Here in these United States of Cognitive Dissonance, Christmas — against which there is nor has there ever been a war — is coming. If anything, it is attacking you, its troops already arrayed in drugstore aisles, advancing through catalog pages, singing its songs through supermarket speakers, with the pine and fir trees that will fill vacant and parking lots across the country close behind.
In this campaign, there is no weapon more powerful than television, which has earmarked the Thanksgiving to New Year’s window for holiday-themed programming. Even now, original — meaning freshly made, conceptually new — Christmas rom-coms are clambering out of the trenches, not only on Hallmark and Lifetime, which owned the breed for a while, but on Netflix and Hulu and everywhere else seeking to grab a slice of that cinnamon-scented, sentimental pie. There are more than 100 new ones this year, with no more than 10 plots between them, joining the many hundreds, maybe thousands, that came before — and keep coming back.
With seasonal specials and special episodes of Your Favorite Shows and seemingly every halfway decent big-screen holiday movie of the last 30 years hauled out to run in a loop on cable TV, the only defense to this onslaught is surrender. Christmas is coming to television, and you might as well enjoy it. So please accept this partial guide, with the caveat that most of these shows have not been available to preview.
Of holiday films that aren’t romantic comedies, most promising is “Dear Santa” (on Paramount+ now), in which a child’s misaddressed letter to Santa gets him a visit from Satan (Jack Black) instead.
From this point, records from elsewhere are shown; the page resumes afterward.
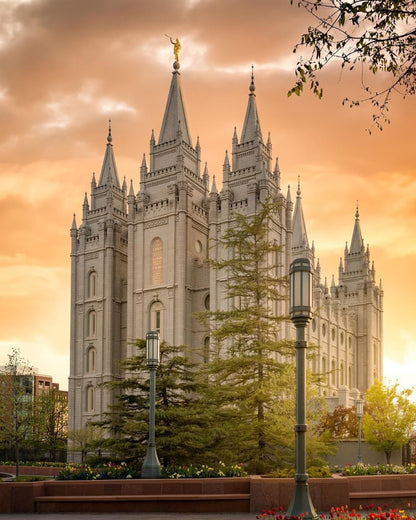 Salt Lake - The Promise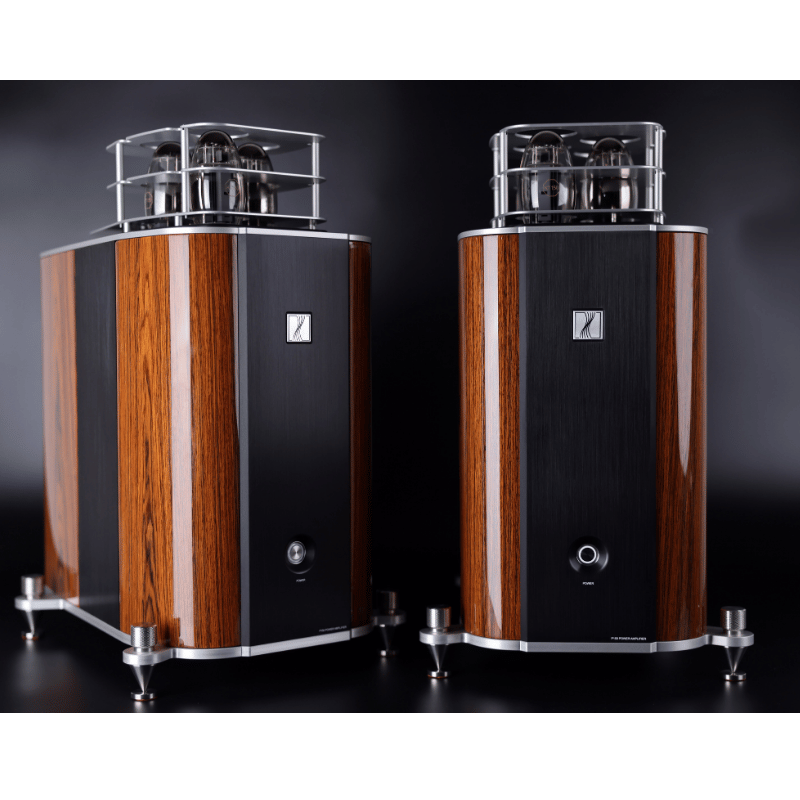 FJORD AUDIO P150 Lambalı Mono Güç Amplifikatörü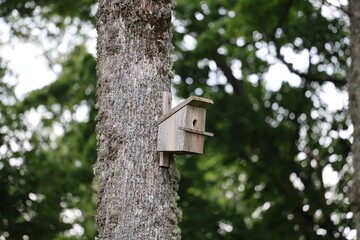 Simple wooden birdhouse mounted on a tree trunk in a green leafy forest.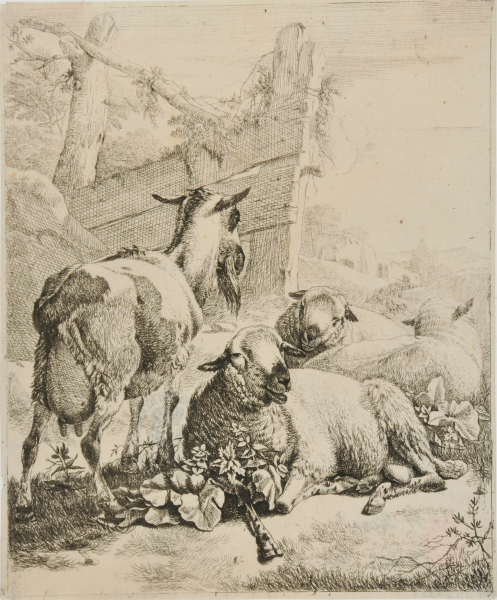 STANDING GOAT AT LEFT, THREE SHEEP LYING AT CENTER-RIGHT
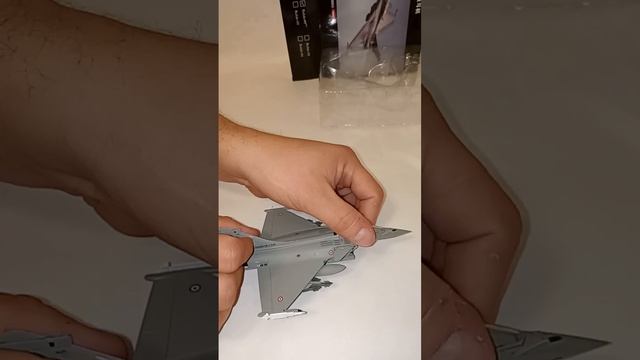 Коллекционная модель французского самолёта Рафале С ?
As the trailer suggests it’s … a Jack Black movie, and should not be confused with another “Dear Santa” (streaming on Hulu) — a returning, heartwarming docuseries from the United States Postal Service, wherein human “elves” fulfill the Christmas requests of deserving children. The disturbingly titled Australian import “Nugget Is Dead? A Christmas Story”(CBS, Dec. 14 and streaming now on Paramount+) finds budding dermatologist Steph (Vic Zerbst) canceling Christmas with her boyfriend’s dull, snobby family and back with her lively, noisy, exasperating clan when their dog takes sick. After her mother announces that Steph is bisexual and the vet is a lesbian, no further clues need be planted. (It is a sort of rom-com in the end, but not at all in the middle.)